18 January 2012

Disability benefits campaigners claimed that the result of the debate on personal independence payment (PIP) in the Lords last night was a victory, in spite of losing the vote on a crucial amendment.

Peers rejected, by 16 votes, an amendment that would have obliged the DWP to run a trial of the proposed PIP assessment system before introducing it nationally.

39 crossbench peers voted with disability campaigners and only 13 against, demonstrating that campaigners won the argument where peers with no political allegiance were concerned.  The vote was won for the government largely because it had the almost complete support of whipped Lib Dem peers, with 65 voting with the government and only two rebelling.

However, leading Spartacus Report campaigner Sue Marsh claims in her blog, Diary of a Benefit Scrounger, that in order to win the vote, Freud had to concede almost everything that the campaigners were asking for. 

For example, regulations for PIP will now have to be published and voted on by the parliament rather than just going through on the nod of the minister after the Act has been passed, as the government had intended.

According to Marsh:

“This is crucial. It means that all the details still missing on assessments, weightings and entitlement criteria will have to be agreed by both the Commons and the Lords before they can go ahead. This is what we most needed and is a huge concession. It means the Government cannot sneak unfit plans through without the agreement of parliament. I can't stress enough what a win this was and how resistant ministers had previously been to the demand.”
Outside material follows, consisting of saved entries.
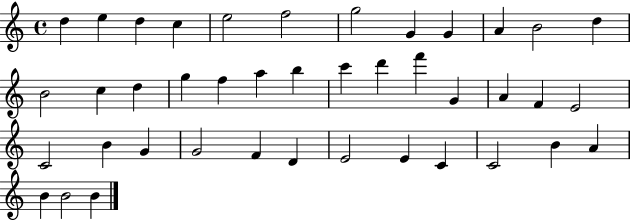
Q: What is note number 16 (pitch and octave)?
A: G5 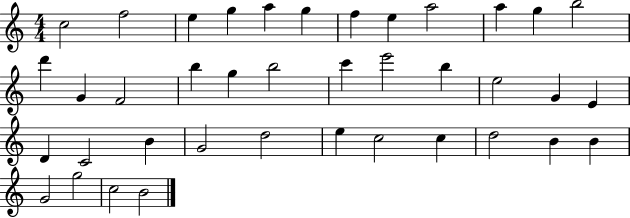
X:1
T:Untitled
M:4/4
L:1/4
K:C
c2 f2 e g a g f e a2 a g b2 d' G F2 b g b2 c' e'2 b e2 G E D C2 B G2 d2 e c2 c d2 B B G2 g2 c2 B2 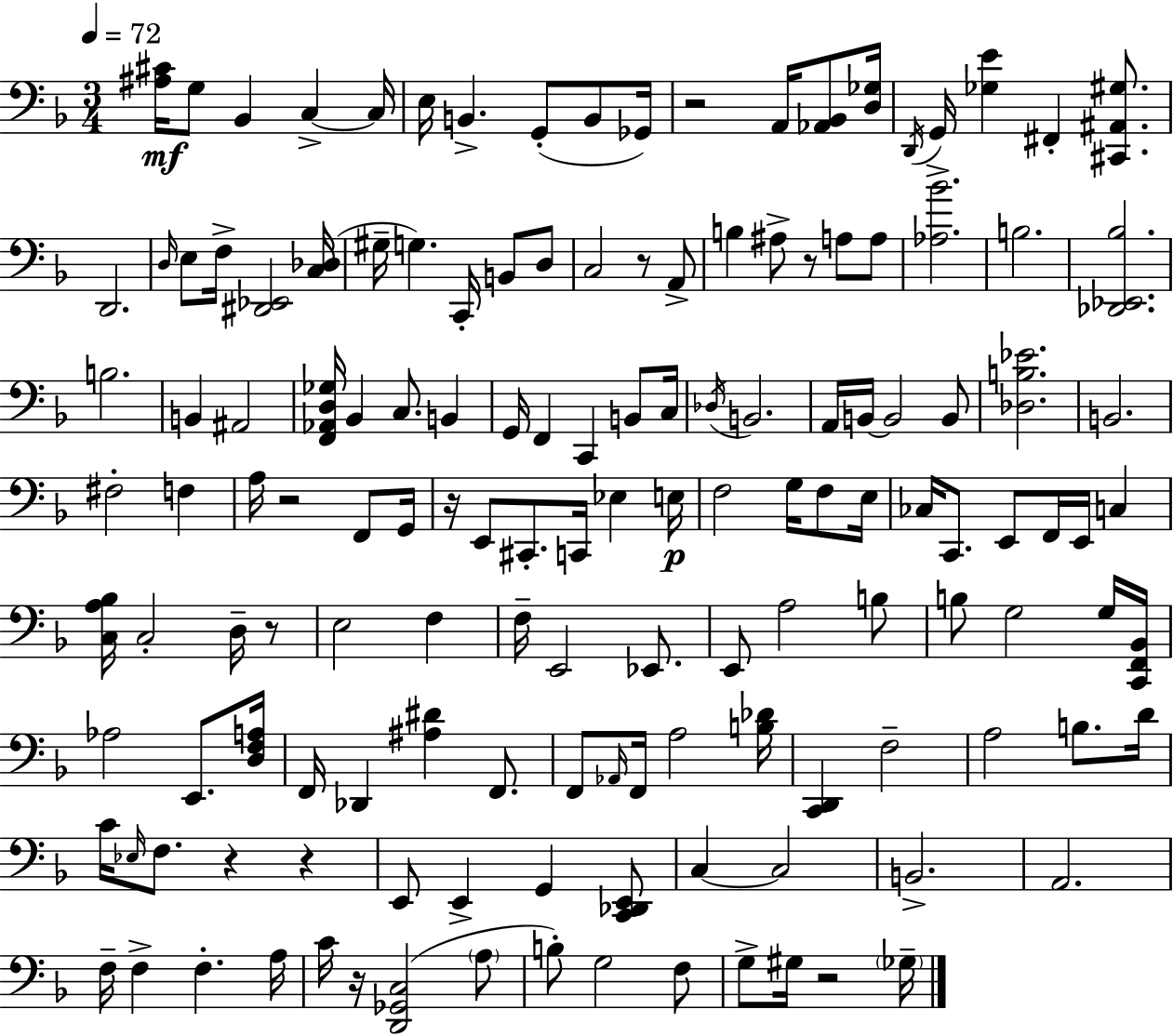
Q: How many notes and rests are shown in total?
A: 144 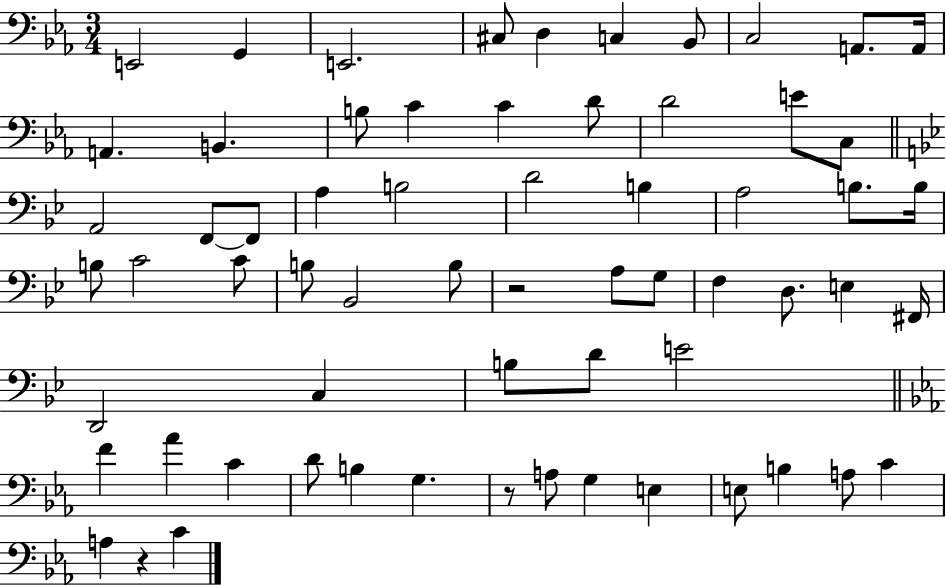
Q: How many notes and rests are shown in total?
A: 64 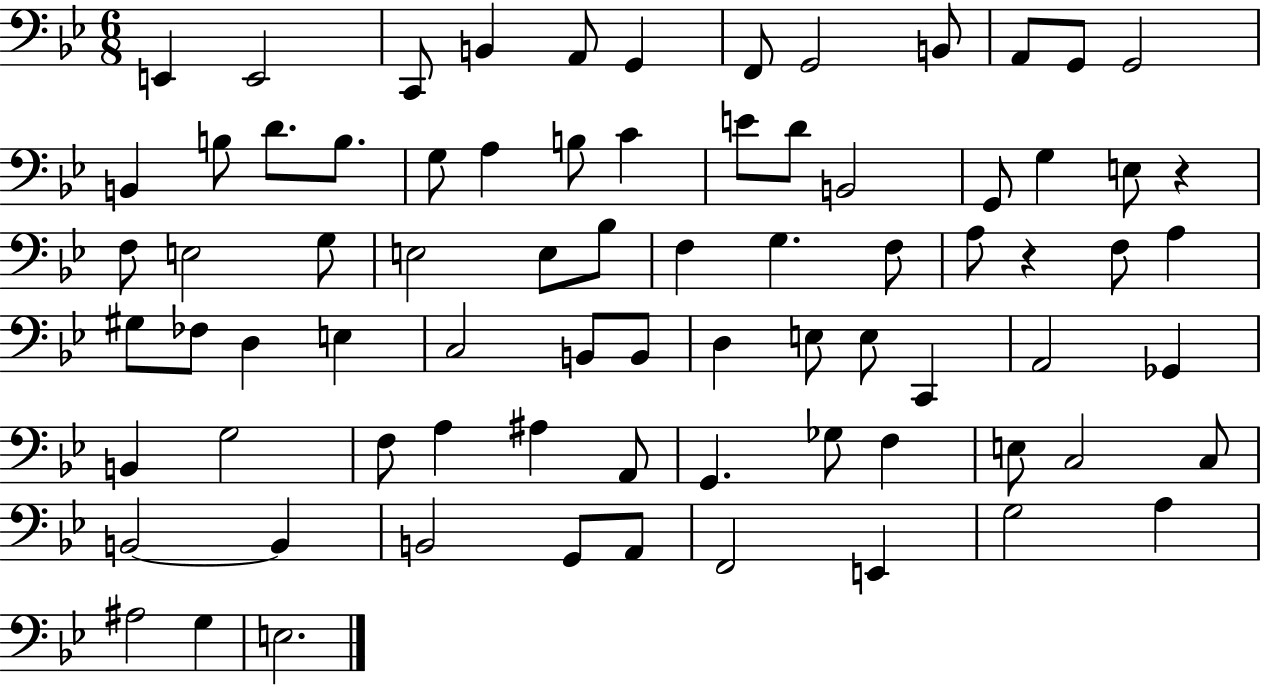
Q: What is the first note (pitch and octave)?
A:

In addition, rather than launching a full blown process of assessing all new and current claims from April 2013, as had been planned, Freud has now set out a much more gradual introduction.  

There will now  only be a few thousand new PIP claims a month in the first months of implementation.  If this goes smoothly, all new claims will then be for PIP rather than disability living allowance (DLA) in the following months. 

Existing DLA claimants will only be assessed for PIP six months after the benefit has been introduced.  Initially, this will only be DLA claimants whose fixed-term award is ending and claimants who report a change of circumstances.

Freud also gave an undertaking that there would be independent assessments after two years and four years, with a third also to be held if there were still concerns.

So, although the government saved themselves the embarrassment of yet another defeat over the welfare reform bill, Marsh argues that they did this only by giving campaigners what they wanted:

“When I took on the Spartacus Report, I hoped that in some small way it might put pressure on the Government. That somehow, it might make people think. I never in a million years thought it would result in real changes to the plans for PIP. It did, and every last one of us should sit back in amazement and really take in what we did. We embarrassed the Government. We embarrassed them so much, they would certainly have lost yesterday if they hadn't moved significantly. We won three amendments to ESA. We changed the structure and implementation of PIP . . . Did you ever - ever - think we would do any of that?”